Before you pack one box in anticipation of your move to a co-op, you want to be sure you know everything about the building itself, whether it's quirky rules, upcoming construction, or ongoing squabbles. This will go a long way to easing your move-in process.
Read the board's minutes
This will give you a sense of the issues facing co-op owners in the building and give you a heads-up about potential problems upon move in—and how they've been handled. "Once you've done this, it's critical to speak to current residents to see if people are generally happy living in the building and if the board is responsive to feedback," says Marie Bromberg, a licensed real estate salesperson at Corcoran Real Estate in New York City.
Analyze the fine print
If you're looking to buy into a building, it's important to find out what the "flip tax," or how much you're going to have to pay the co-op when you sell, will be. "I wish I'd known I'd lose three percent when I go to sell," says Tracy Kaler, who owns a co-op in New York City with a higher flip tax than average. "That's a lot of cash on top of the broker's fee—if I had known about it, that could've been a determining factor when I was shopping for apartments."
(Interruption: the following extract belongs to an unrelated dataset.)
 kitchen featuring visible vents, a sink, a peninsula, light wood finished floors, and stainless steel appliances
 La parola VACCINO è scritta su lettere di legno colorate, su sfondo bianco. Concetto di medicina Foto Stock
Know the building's move-in requirements
If you are hiring a moving company, they will need to be insured and they will have other restrictions and requirements to follow. "Depending on the building, the level of insurance coverage required varies," says David Donen, liaison operations manager at OZ Moving & Storage in New York City. "Usually companies will have to have licensing and be bonded, which means their background was checked by the owners of the building." Keep in mind, too, that move-ins will likely be required to take place between 9 a.m. and 4 or 5 p.m. Monday through Friday.
Look up the last five people who sold in the building
Once you've done so, reach out to them, suggests James McGrath, a co-op owner for five years and the co-founder of Yoreevo, a real estate brokerage in New York City. "You can find their names on the property records and with a little digging, probably connect them to an email or LinkedIn profile," he says. "If there's anything noteworthy about the building, especially anybody that was a great help to the building or a reoccurring problem, prior owners will likely be happy to spill the beans."
Pay attention to the way the hallways and elevators look
This is usually a good indication of how well-maintained a building is, says Joshua Arcus, president of Siderow Residential Group in New York City. "Also, always look up in the corners and around the window frames for water damage."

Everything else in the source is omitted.